GEORGE TOWN, Sept 6 — The Penang government today called on Putrajaya to reconsider its decision to replace the People’s Housing Project (PPR) with a new programme where each home unit can be bought for between RM90,000 and RM300,000.
Penang Chief Minister Chow Kon Yeow said his administration was told by the federal government that the PPR was being rebranded into Program Perumahan Malaysia (PPM) but that it will be different from the current PPR system.
“Under PPM, a request for proposal will be called so that the private sector can send in their proposals and offer to develop their lands for PPM units which will then be sold at prices between RM90,000 and RM300,000,” he said in a press conference in his office here.
He said this means there will no longer be PPR units for rent like in the current system where each unit are rented out at RM100 with a RM24 maintenance fees each month.
“This new programme will severely impact the low income group and even the RM90,000 per unit price is higher than our low medium cost unit price of RM72,500,” he said.
He said social housing needs to be maintained for the sake of the B40 group as some of them could not even afford to purchase a low medium cost housing unit.
“We call on the ministry to review this policy because this means that there will not be any new PPR supplies after this,” he said.
At a separate press conference earlier, local government, housing and town and country planning committee chairman Jagdeep Singh Deo said Housing and Local Government Minister Zuraida Kamaruddin sent a letter to Chow’s office dated August 20 informing the state of this new policy.
He stressed that the provision of housing to the people, especially those in the B40 group is a social responsibility of the government.
“I may be good friends with Zuraida but I do not agree with this new policy, I will request permission from Chow to respond to her with my views and I am sure the Penang state government will have the same views as me,” he said.
He said there are low income groups who could not even afford to purchase low cost housing units of RM42,000 each and yet under this new policy, the housing units are sold at RM90,000.

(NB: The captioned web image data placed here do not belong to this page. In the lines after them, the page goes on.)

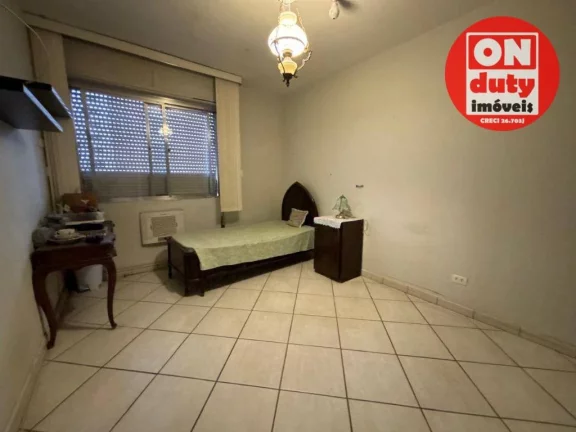 Imagem Apartamento com 3 quartoss à venda, 265 m² por R$ 1.050.000 - Gonzaga - Santos/SP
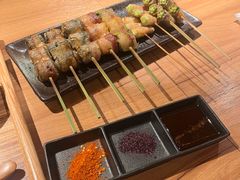 -大米·京都小酒馆·炭烧海鲜·烧鸟(龙口东路店)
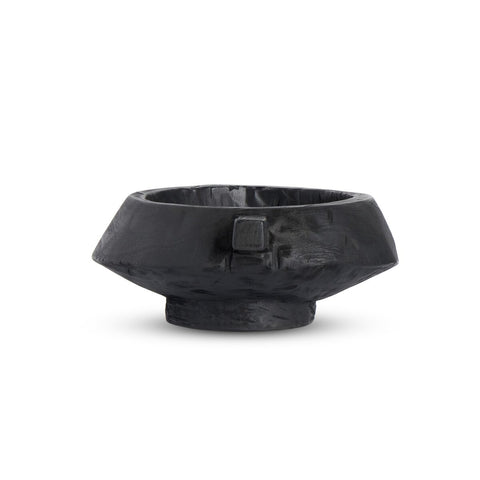 Shaw Bowl - Carbonized Black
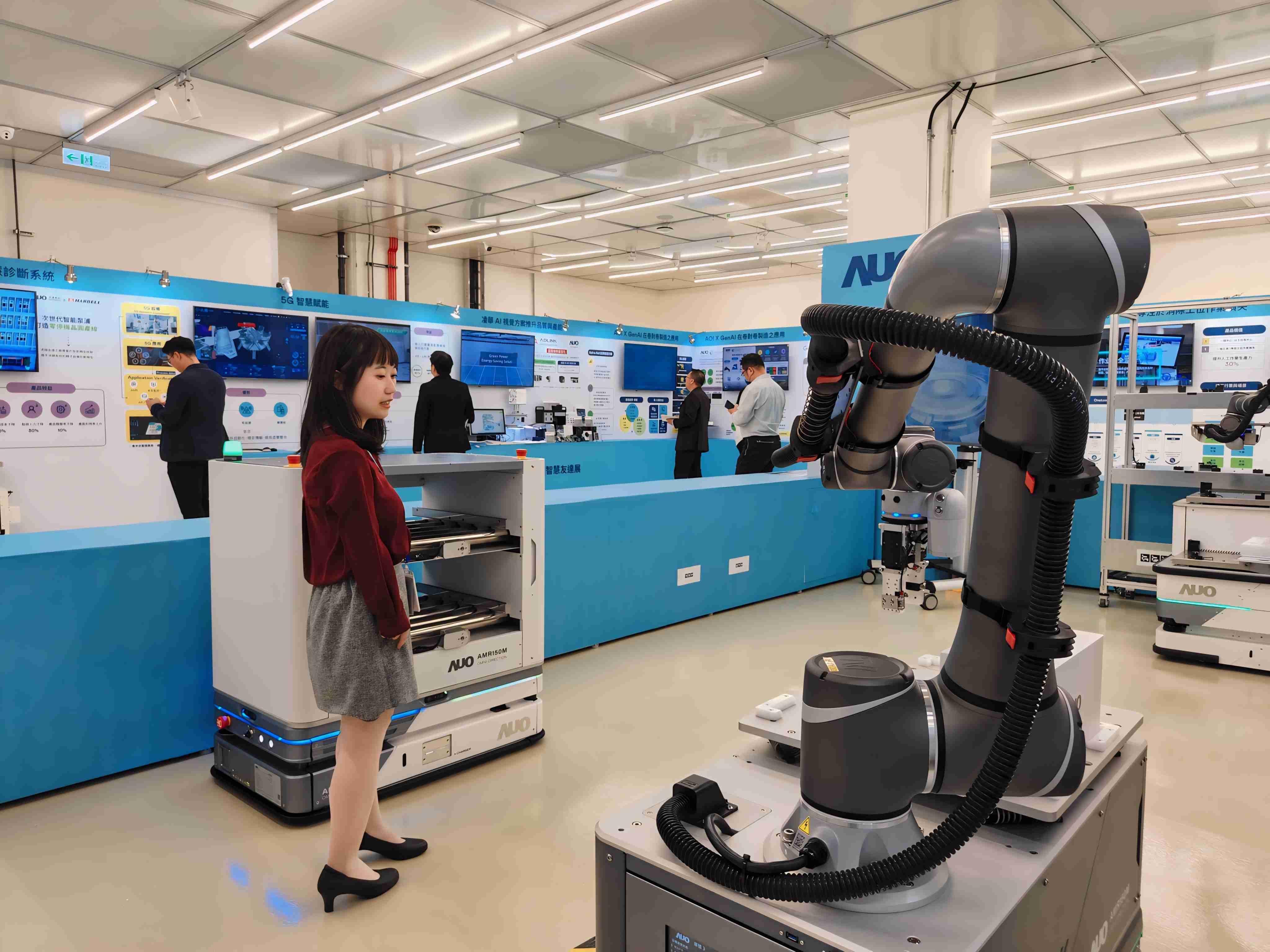 2024智能至成国际展邀集生态圈伙伴共同参展，，，从数字应用、、净零减碳到能源发展，，，创造全方位永续商机，，携手生态圈伙伴迈向永续未来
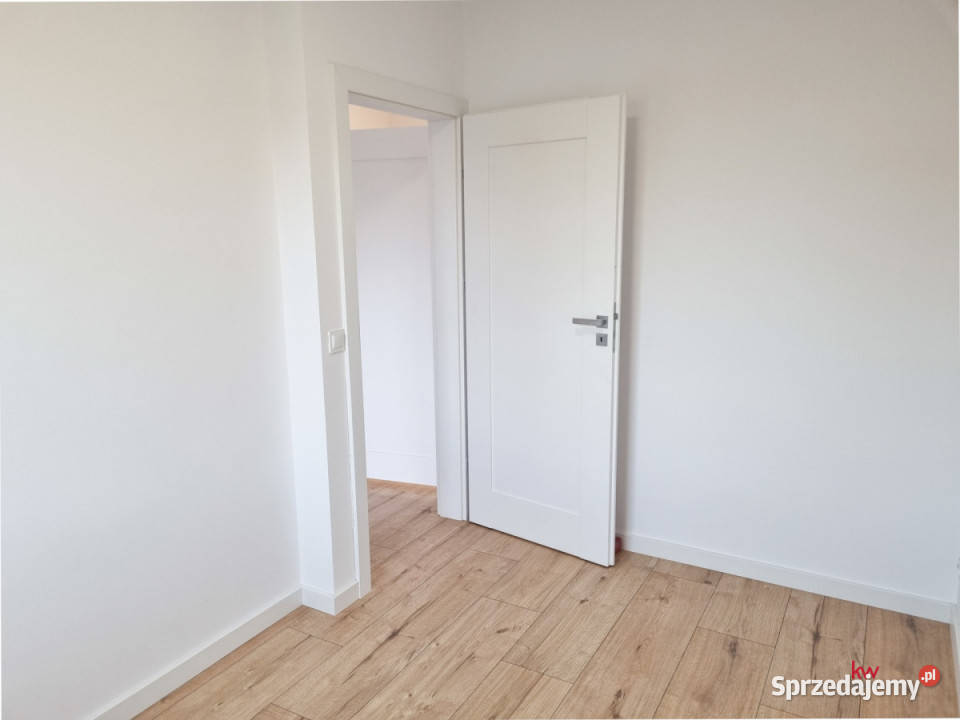 Mieszkanie 616m2 4 pokojowe Gowarzewo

“Some of these low income group can’t afford to own homes, so they had to rent PPR units and it is the government’s responsibility to ensure supply of these housing for them,” he said.
Jagdeep said under the new policy, the state must provide land for PPM and then call for a RFP for private developers to build it before selling each unit at between RM90,000 and RM300,000.
“First of all, it costs about RM150,000 to build one unit of low cost housing so if a private developer was to build the PPM and sell it at RM90,000, this means the state will have to subsidise RM60,000 for each unit,” he said.
He said this was unacceptable that the state has to subsidise when the state also pays taxes to the federal government.
“The federal government should be subsidising this, people pay taxes, they collect taxes and some of these taxes should be used for providing housing for the people,” he said.
He said Penang has the least number of PPR units in the country — 999 units — as compared to a total 120,000 PPR units in the whole country.
He echoed Chow’s calls to the federal government to reconsider this new policy and to continue building PPR units for the poor.